DATA FOR THE TASK: Begin
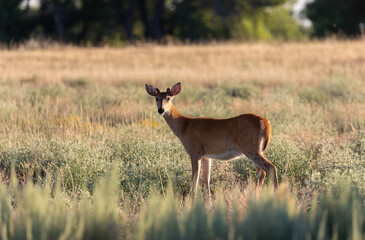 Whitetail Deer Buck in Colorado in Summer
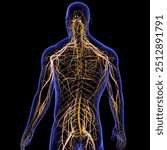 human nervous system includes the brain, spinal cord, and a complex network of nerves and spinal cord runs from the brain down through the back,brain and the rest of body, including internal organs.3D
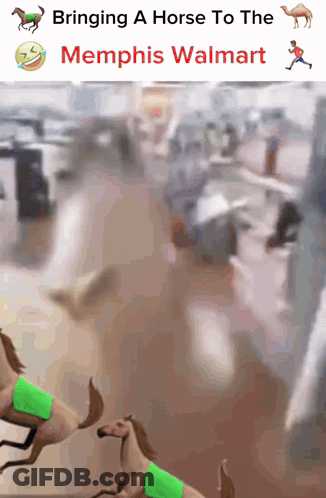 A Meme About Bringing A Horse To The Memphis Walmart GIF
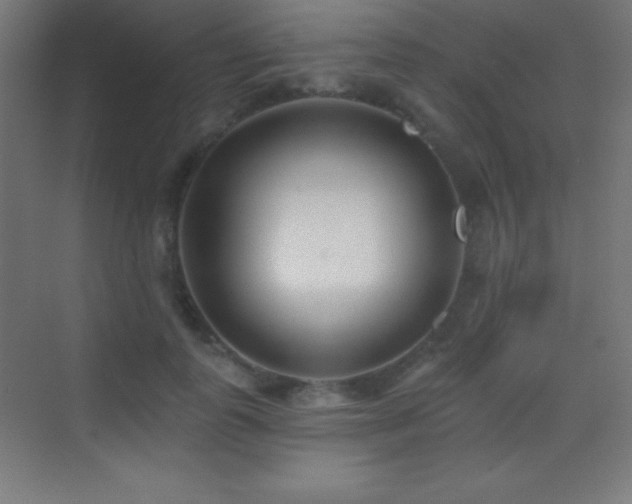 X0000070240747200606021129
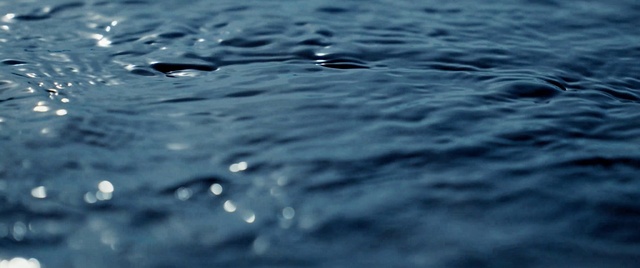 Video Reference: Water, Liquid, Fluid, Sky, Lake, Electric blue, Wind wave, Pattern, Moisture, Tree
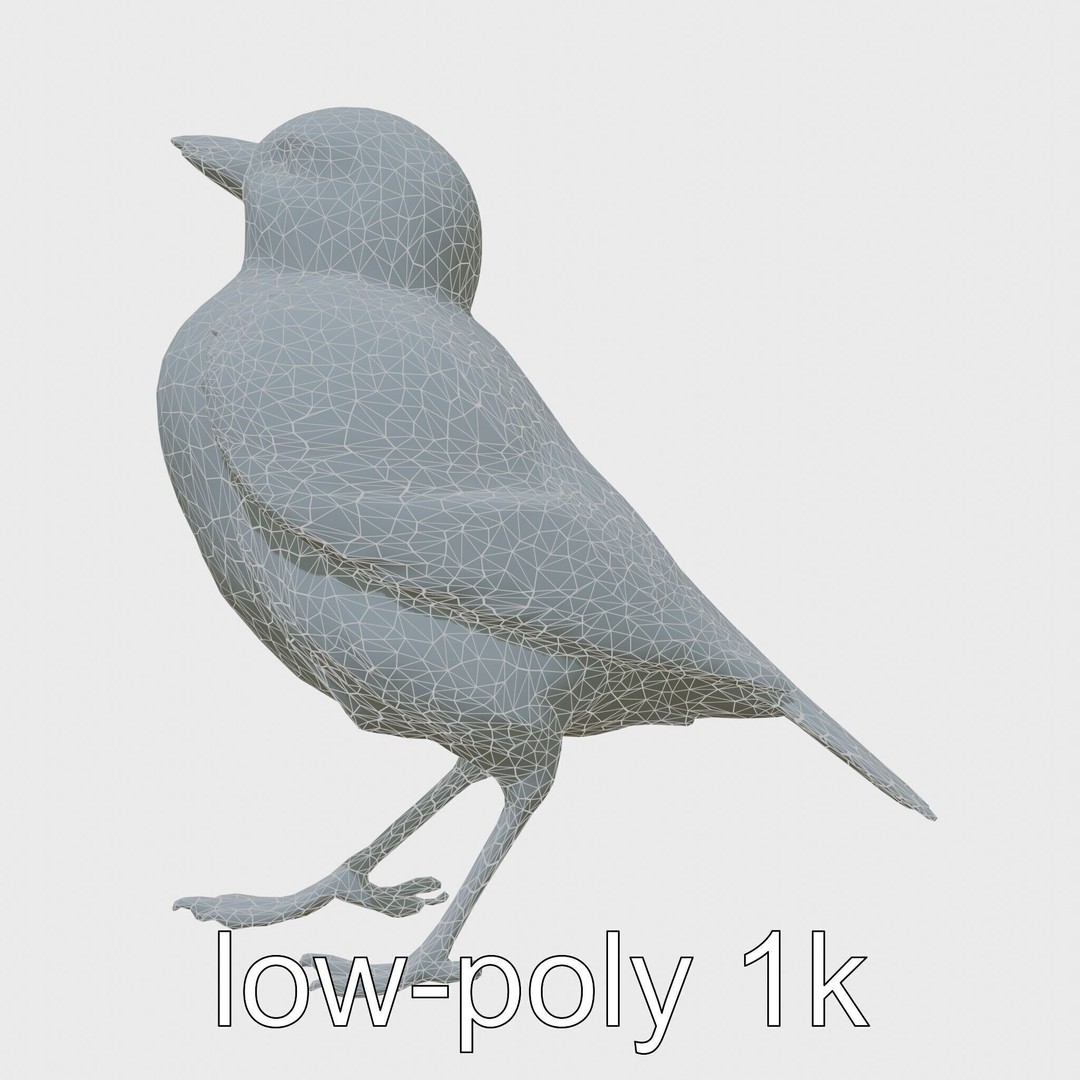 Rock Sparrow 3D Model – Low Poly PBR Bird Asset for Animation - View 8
DATA FOR THE TASK: End
* **WORK TO BE COMPLETED**: Excluding any pictures, print exactly the lines of the listing above from the line with "human nervous system" to the line with "X0000070240747200606021129", both ends included.

* **ANSWER BOX**:
 human nervous system includes the brain, spinal cord, and a complex network of nerves and spinal cord runs from the brain down through the back,brain and the rest of body, including internal organs.3D
 A Meme About Bringing A Horse To The Memphis Walmart GIF
 X0000070240747200606021129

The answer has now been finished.